De meeste imkers hebben maar enkele kasten. “Wat we hier doen is revolutionair voor België, ik denk zelfs voor West-Europa. In België wordt de imkersstiel door oude mannen doorgegeven aan jongere imkers. Dat zet een rem op het invoeren van nieuwe technieken. Ze staan nogal eens met de mond vol tanden als ik vraag of ze hun plagen hebben gemonitord. Welke akkerbouwer kan zeggen dat hij niet weet welke plagen er in zijn gewas zitten?"
"Zelf monitor ik de varroamijt door 300 bijen in een potje met alcohol te doen. Die sterven spijtig genoeg, maar ik kan de mijten tellen en kijken of de schadedrempel bereikt is, net zoals een akkerbouwer het aantal bladluizen telt op zijn graan. De meeste imkers tellen het aantal mijten dat op de plank onderaan in de kast is gevallen. Ze komen vaak te laat om in te grijpen.”
1000 volken in honingproductie
Jef heeft zowat 1000 volken in honingproductie, 150 die worden ingezet onder aardbeienkappen en nog 250 waarmee hij koninginnen kweekt.

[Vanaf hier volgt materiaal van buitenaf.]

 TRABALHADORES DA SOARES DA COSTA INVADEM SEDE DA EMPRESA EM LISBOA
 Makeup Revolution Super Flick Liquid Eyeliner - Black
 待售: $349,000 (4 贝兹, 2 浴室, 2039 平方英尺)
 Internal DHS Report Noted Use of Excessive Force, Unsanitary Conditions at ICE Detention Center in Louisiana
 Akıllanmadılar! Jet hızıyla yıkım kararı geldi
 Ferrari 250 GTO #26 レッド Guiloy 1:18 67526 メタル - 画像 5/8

Hij zweert bij Buckfastbijen, een ras ontwikkeld door broeder Adam, die decennialang hoofdimker was van de Engelse Buckfast-abdij. Hij kruiste verschillende ondersoorten om een type te ontwikkelen dat niet alleen heel productief was, maar ook minder agressief en bovendien minder gevoelig voor de varroamijt.

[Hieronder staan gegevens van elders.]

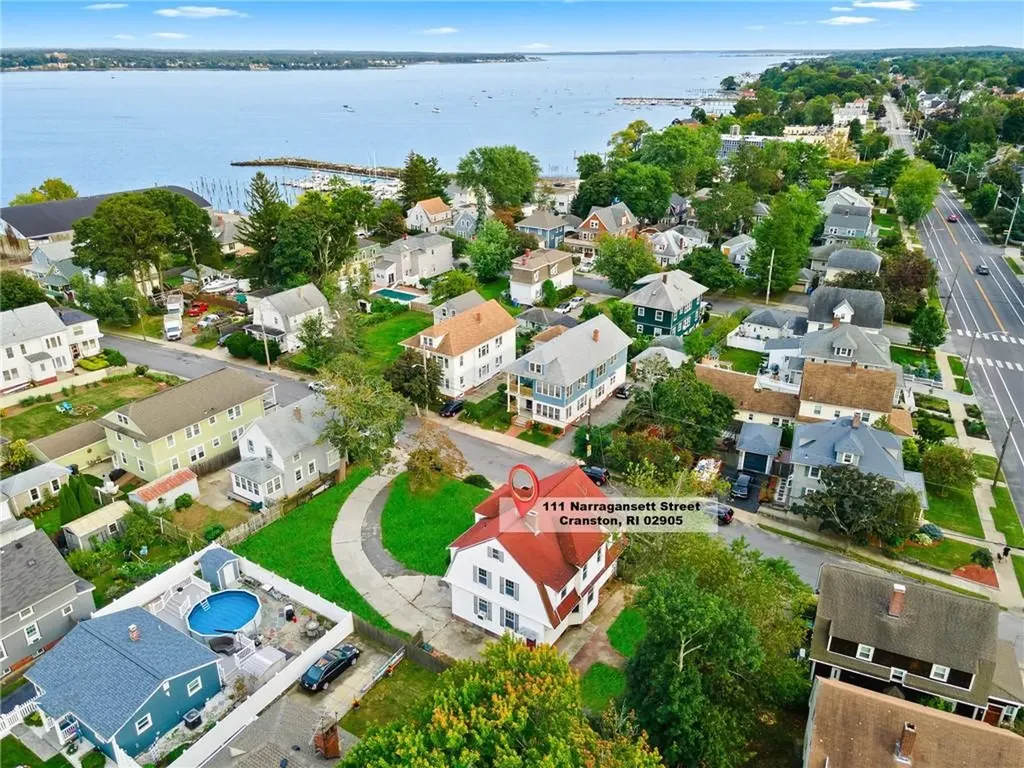 111 Narragansett Street Cranston RI 02905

“Ook in Frankrijk en Wallonië verkiest men Buckfast, maar in Vlaanderen werken de meeste imkers met het ras Carnica. In imkerkringen leven heel wat discussies hieromtrent. Jef vertelt hoe een aantal onderzoekers in Duitsland, die bezig waren met de ontwikkeling van de Carnica, zich bedreigd voelden door het werk van die simpele Britse broeder. “Ze lobbyden zelfs bij de abt, om zijn werk stil te leggen.”

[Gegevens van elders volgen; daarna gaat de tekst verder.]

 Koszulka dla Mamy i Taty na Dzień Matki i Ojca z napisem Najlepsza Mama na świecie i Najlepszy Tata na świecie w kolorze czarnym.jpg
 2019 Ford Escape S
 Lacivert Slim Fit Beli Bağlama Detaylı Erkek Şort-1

Op dit moment verkoopt Jef amper wat honing thuis. Er loopt wel een aanvraag voor een hoevewinkel. Hij verkoopt heel wat honing onder het merk ‘Bijenboer’, onder meer via hoevewinkels en lokale handelaars, maar ook bij Aveve. Een deel gaat in vaten van 275 kg naar allerlei voedingproducenten.
Veiligheid
Hoe wapent Jef zich tegen bijensteken? “Als ze niet zouden steken, zou iedereen bijen houden”, lacht hij. Aan zijn vaste medewerker en stagiairs stelt hij altijd beschermkledij ter beschikking. Zelf werkt hij wel met een kap, maar zonder handschoenen, omdat bijvoorbeeld het wegsnijden van koninginnendoppen fijn werk is. Nog tot juli kruipt er veel tijd in de productiekasten. “We keuren die om de populatie hoog te houden en om zo de honingproductie te verhogen. Als we niet keuren komen er jonge koninginnen en gaan de bijen zwermen, waardoor het volk zich splitst en de productie terugvalt.”
Stage bij de bijen
Momenteel loopt Lode Cauwenberghs uit Meensel-Kiezegem stage bij Jef. Dat is in het kader van het starterstraject voor jonge land- en tuinbouwers dat hij momenteel volgt.Lode nam vorig jaar het pitfruitbedrijf van zijn ouders over en volgde 3 jaar geleden al de starterscursus Type B Fruitteelt. Om volledig in orde te zijn voor de startersondersteuning van de Vlaamse overheid, moest hij ook nog stage lopen.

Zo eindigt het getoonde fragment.